## Material provided:
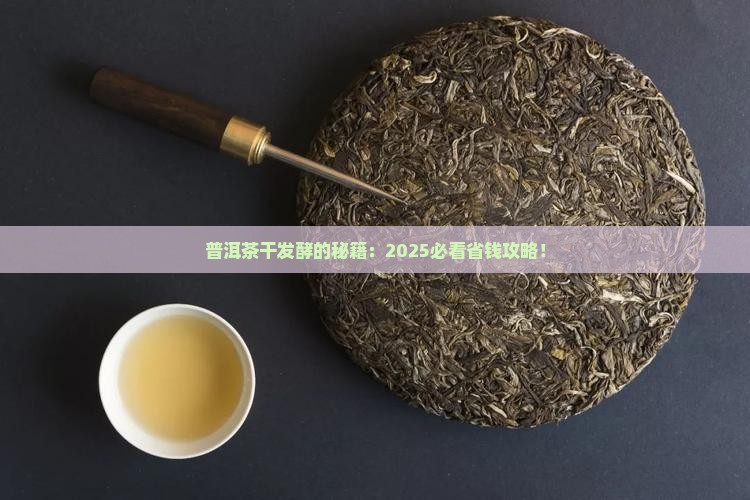 普洱茶是干发酵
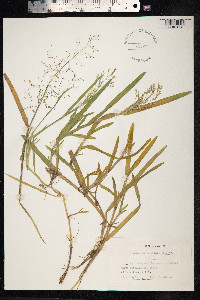 Catabrosa aquatica image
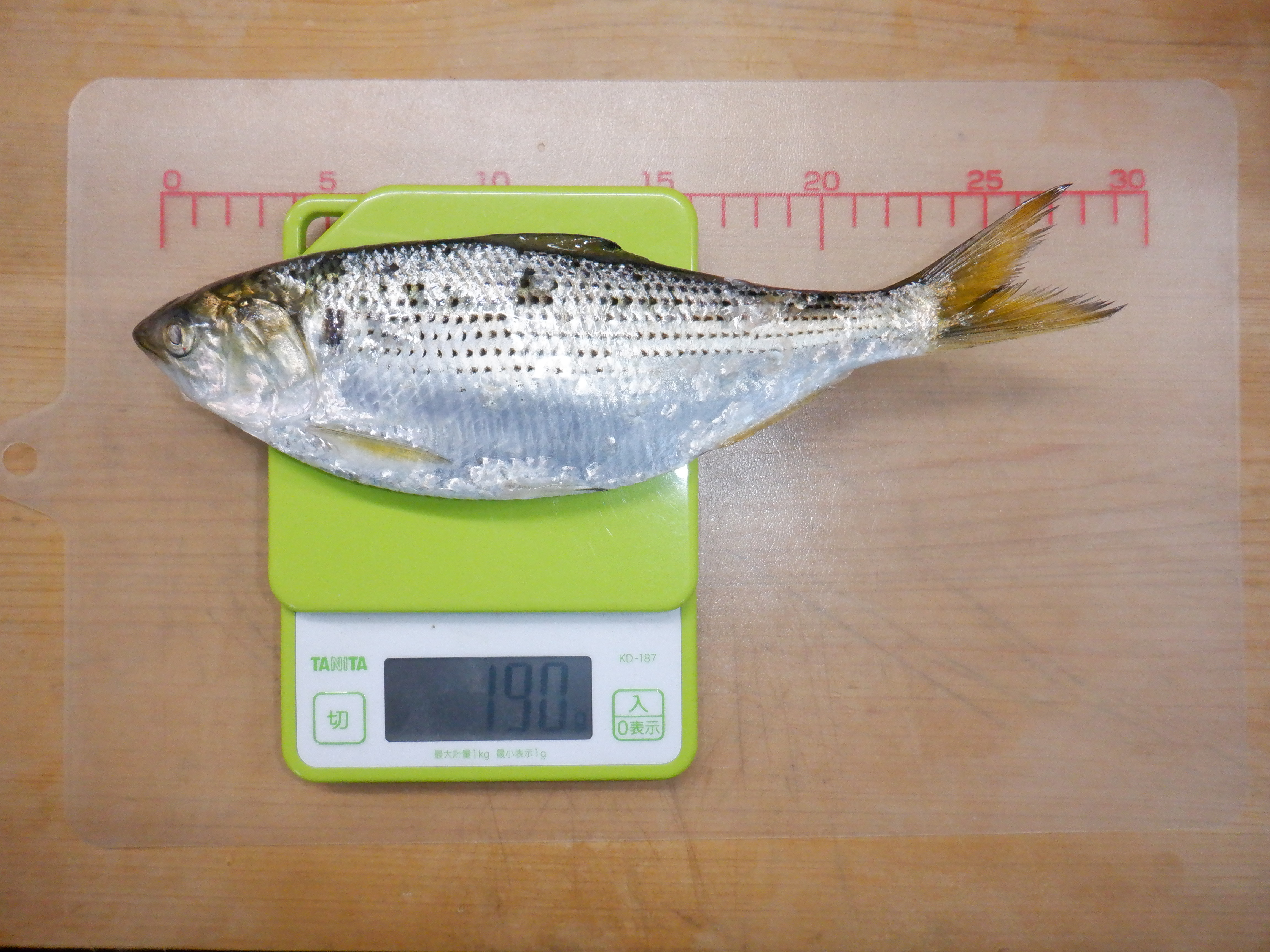 ２０２２ ２ １２ 二月出漁 コノシロ塩焼き せごし 大平丸 船橋漁港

## Task statement:
When copying the listing, skip the pictures and keep each line exactly as written.

## Result of the exercise:
 普洱茶是干发酵
 Catabrosa aquatica image
 ２０２２ ２ １２ 二月出漁 コノシロ塩焼き せごし 大平丸 船橋漁港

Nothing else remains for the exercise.